* **Your assignment**
Reproduce verbatim the line containing "БАР СТОЛ MARCELLO" and every line that follows it through the end of the entries below, omitting all pictures.

*** Opening of The records ***

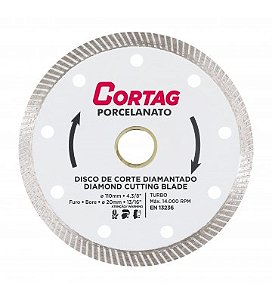 DISCO CORTE DIAMANTADO TURBO PORCELANATO 110 CORTAG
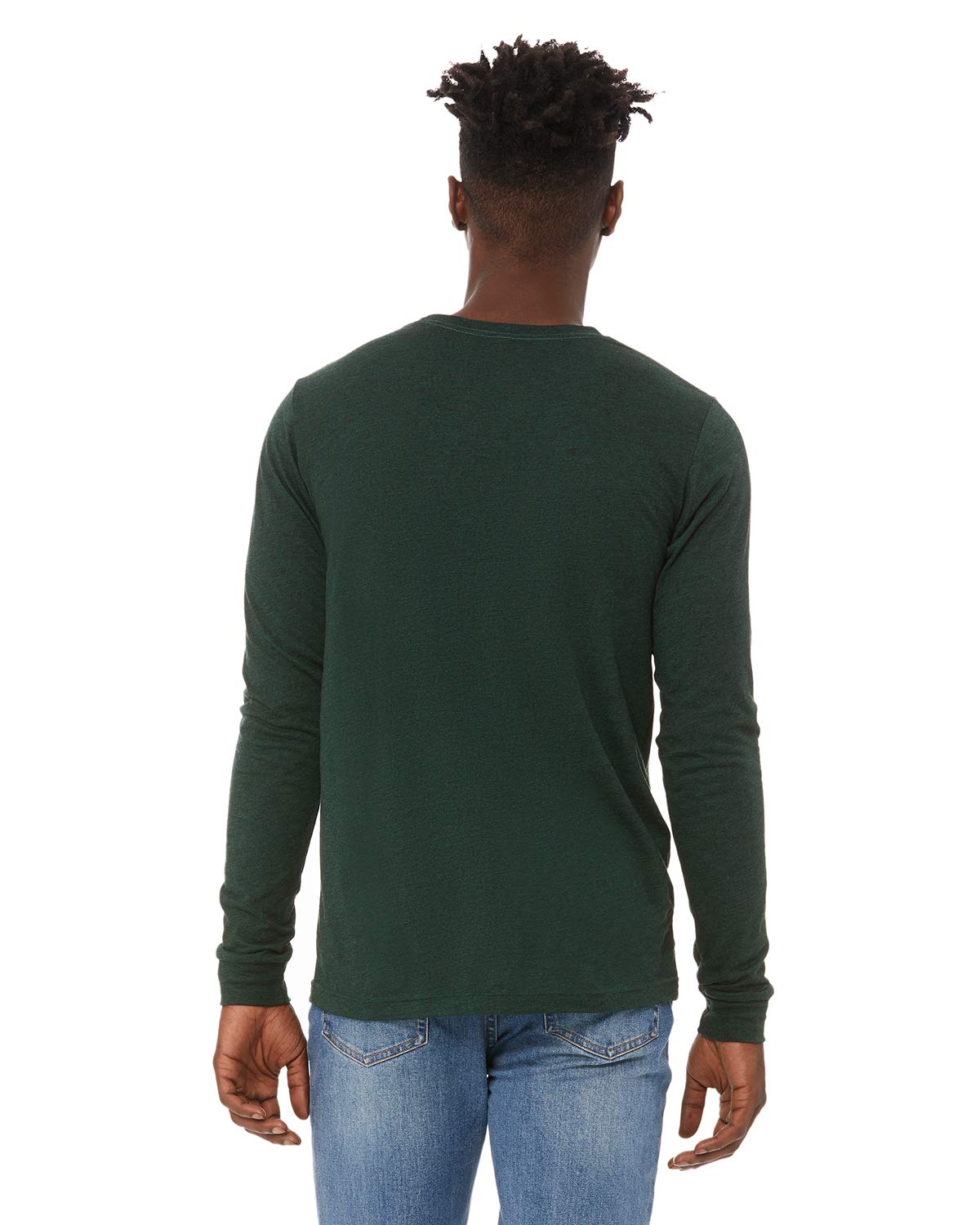 Bella + Canvas Unisex Jersey Long-Sleeve T-Shirt S EMERALD TRIBLEND
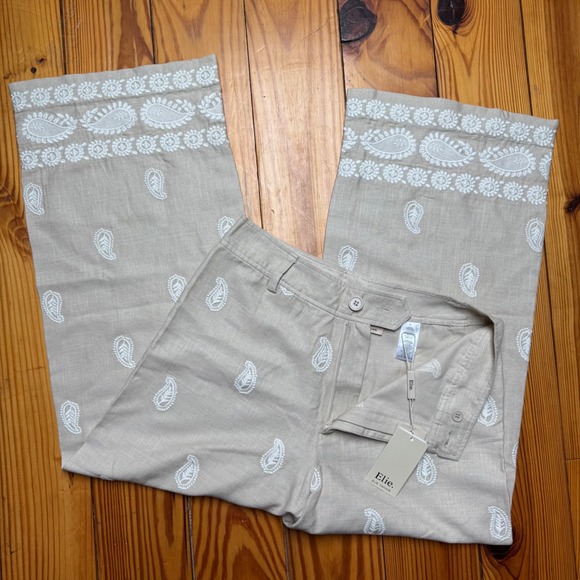 NWT Elie Tahari Linen Pants Womens Size 8 Tan Embroidered Paisley Boho Wide Leg - Picture 2 of 7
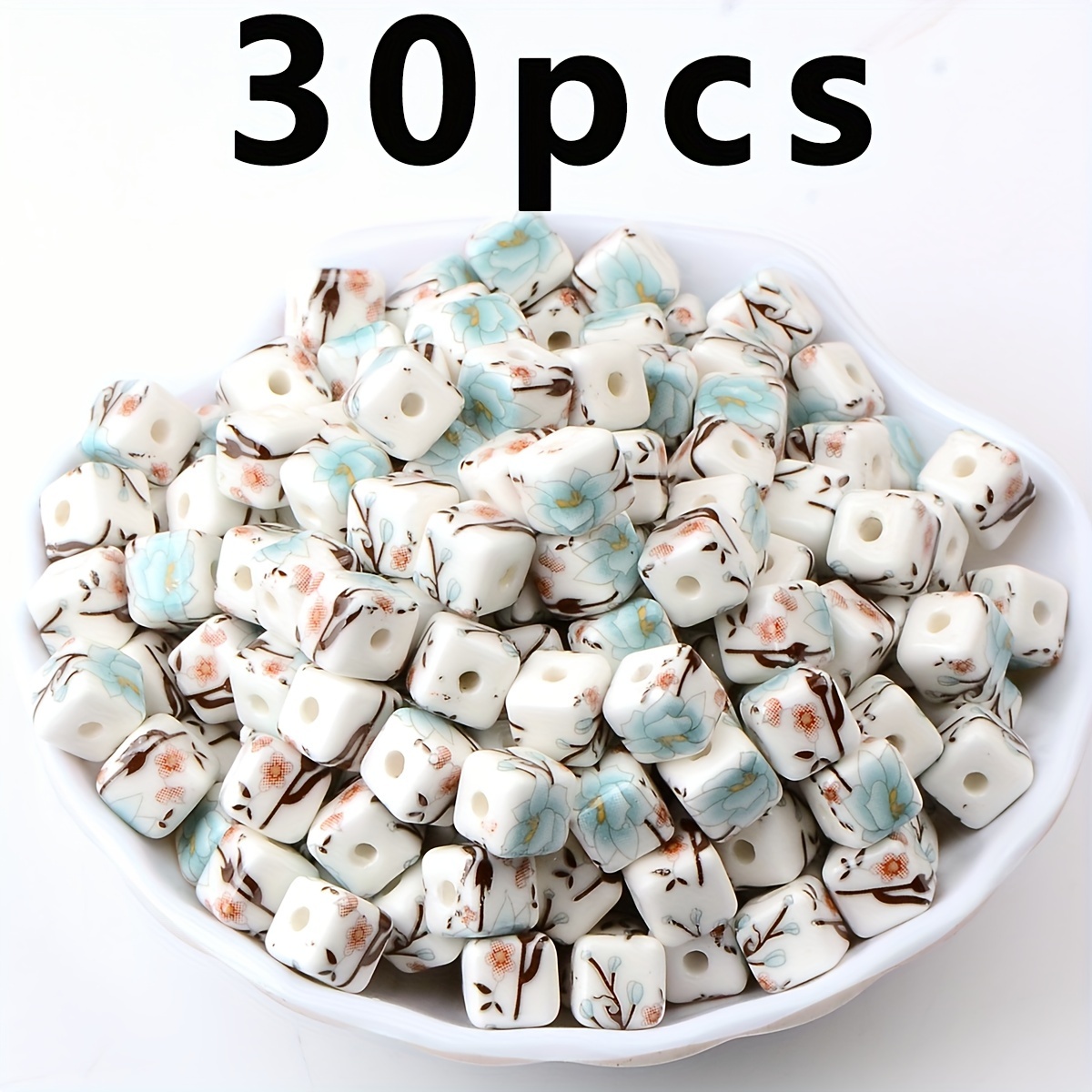 Image of 30pcs Vintage Lake Porcelain Orchid Beads - 0.31" Square Ceramic Crafting Beads With Holes,beads&bead Assortments For Jewelry Making Kits Diy Bracelets, Necklaces & Home Decor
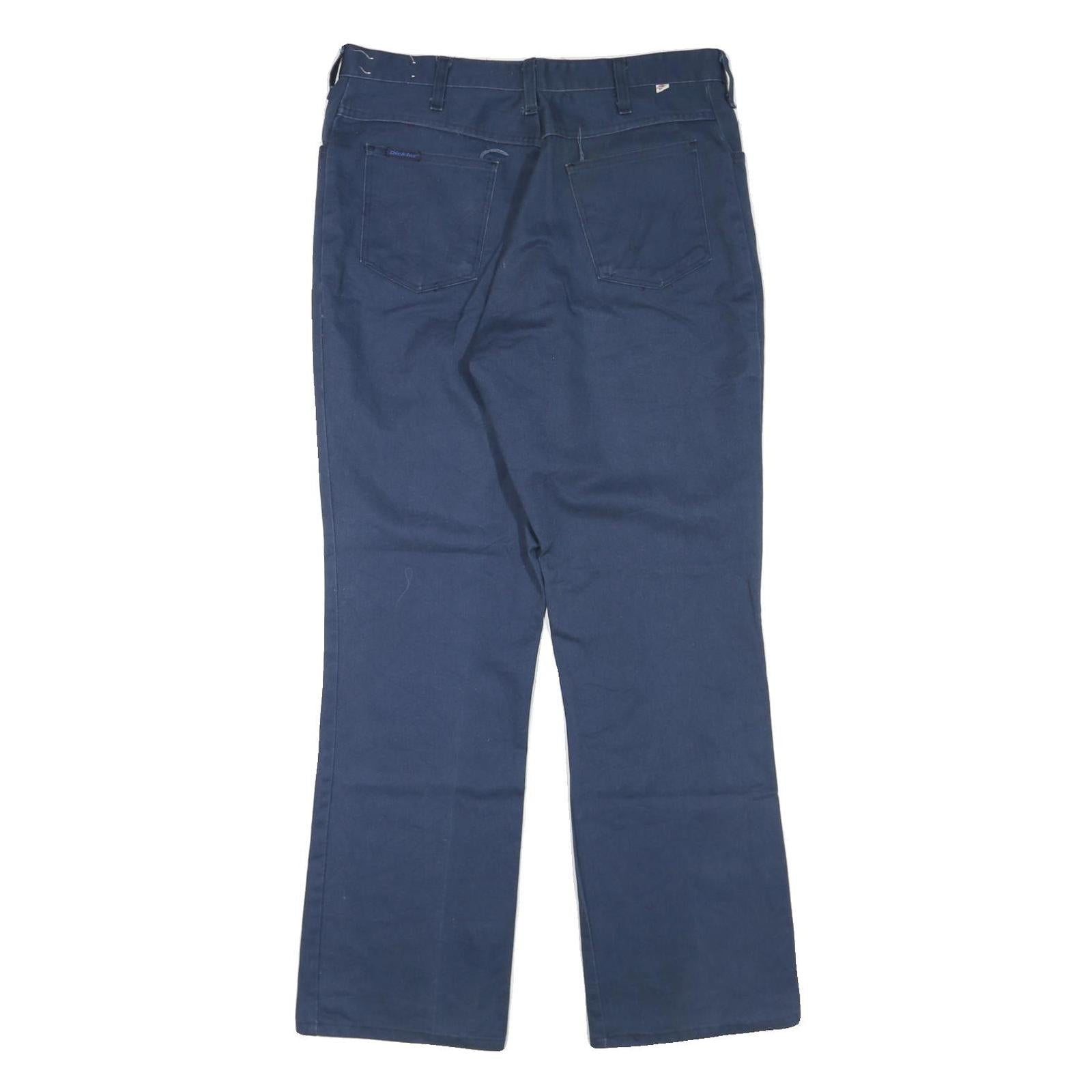 DICKIES Womens Cotton Blend Navy Regular Fit Straight Leg Trousers W34 L31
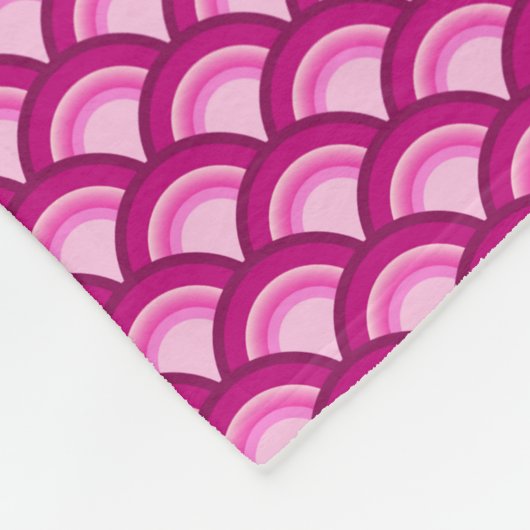 Art Deco Wellenmuster - Magenta und Rosa Fleecedecke (Ecke)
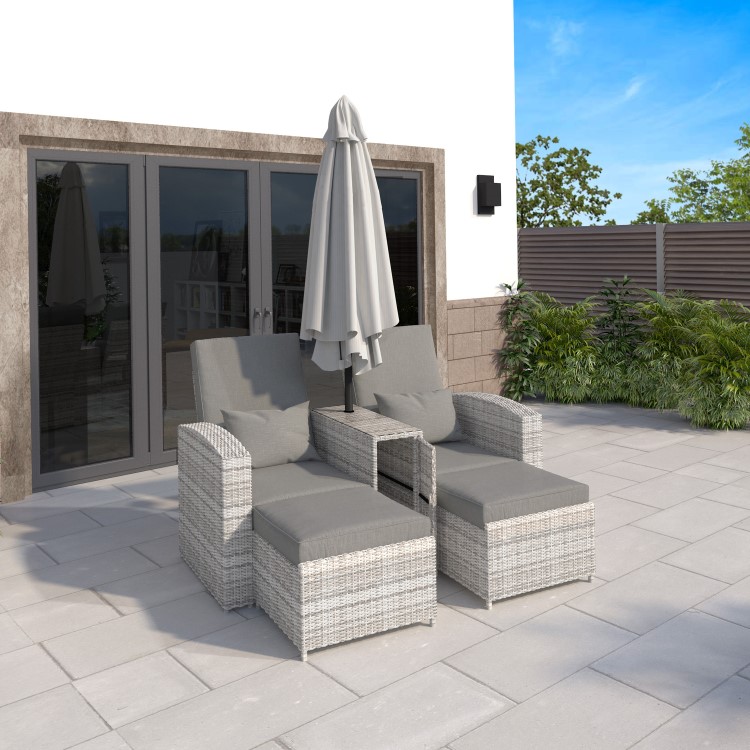Grey Rattan Reclining Sun Loungers with Parasol  - Fortrose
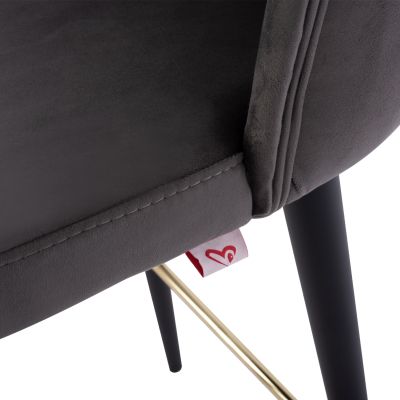 БАР СТОЛ MARCELLO PROFESSIONAL HM9280.01 КАДИФЕ СИВО ДЪРВО 50x49,5x101,5Hcm.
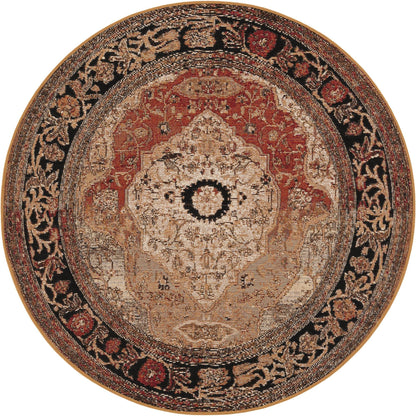Rugs.com - Outdoor Traditional Rug – 4 Ft Round Multi Indoor/Outdoor Rug – Weather-Resistant Flatweave for Patios, Decks, and Porches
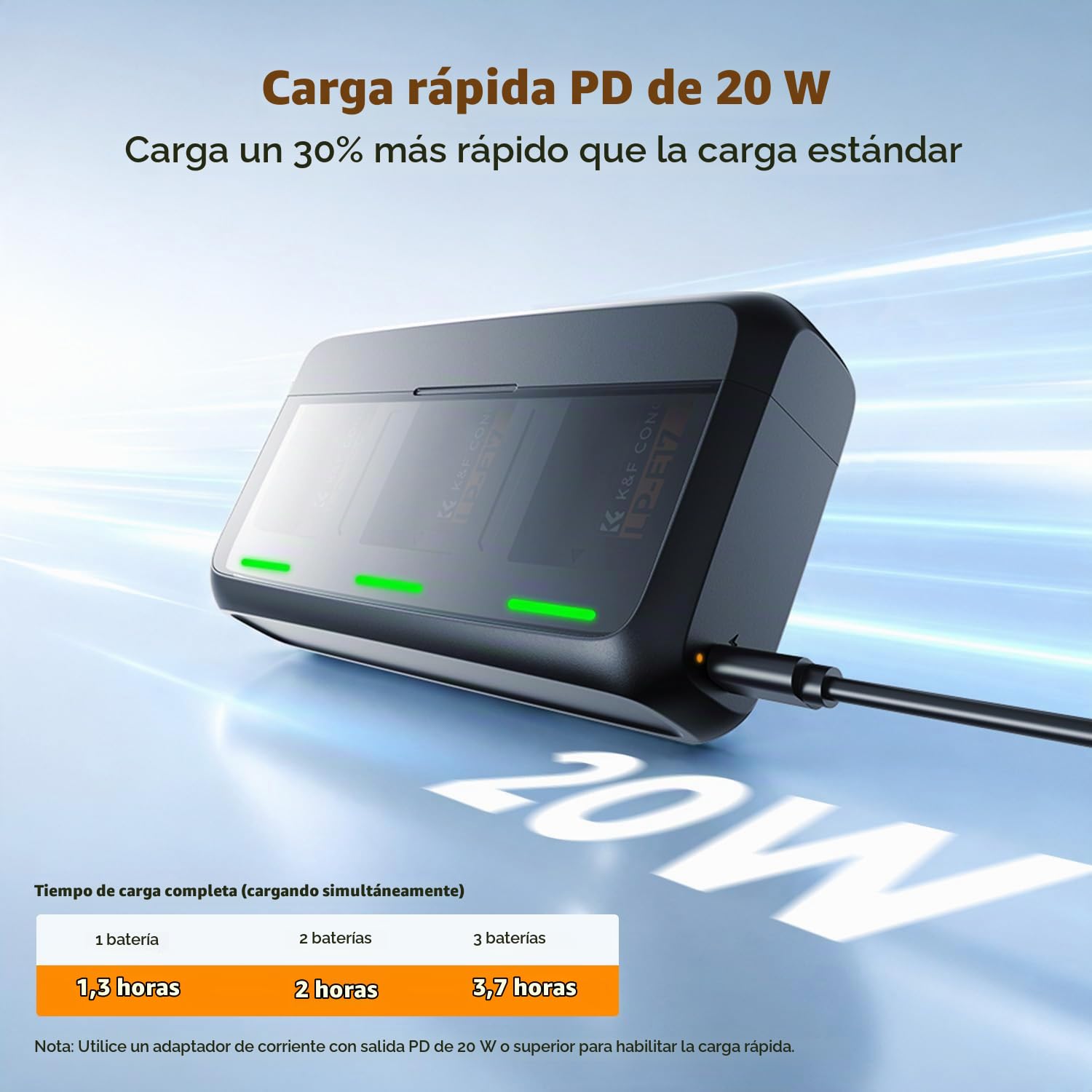 K&F Concept Kit de 3 Baterías LP-E17 y Cargador Rápido de 20W, 1050mAh, para Cámaras, Compatible con Canon EOS R50, R100, RP, R10, R8, Powershot V1 y más
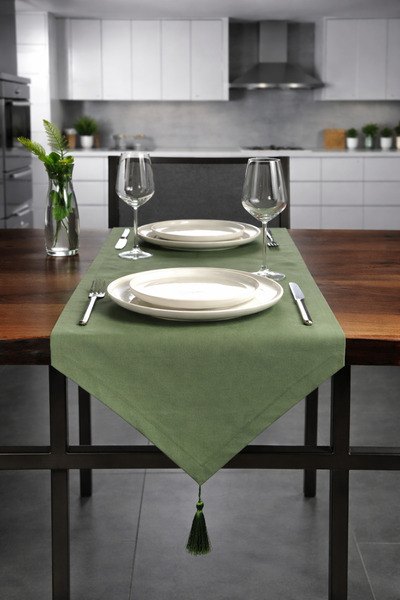 Econice Green Duck Linen Decorative Runner 40 X 140 cm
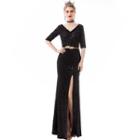 Sequined V-neck Elbow-sleeve Slit Sheath Evening Gown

*** Close of The records ***

* **Output below**
 БАР СТОЛ MARCELLO PROFESSIONAL HM9280.01 КАДИФЕ СИВО ДЪРВО 50x49,5x101,5Hcm.
Rugs.com - Outdoor Traditional Rug – 4 Ft Round Multi Indoor/Outdoor Rug – Weather-Resistant Flatweave for Patios, Decks, and Porches
 K&F Concept Kit de 3 Baterías LP-E17 y Cargador Rápido de 20W, 1050mAh, para Cámaras, Compatible con Canon EOS R50, R100, RP, R10, R8, Powershot V1 y más
 Econice Green Duck Linen Decorative Runner 40 X 140 cm
 Sequined V-neck Elbow-sleeve Slit Sheath Evening Gown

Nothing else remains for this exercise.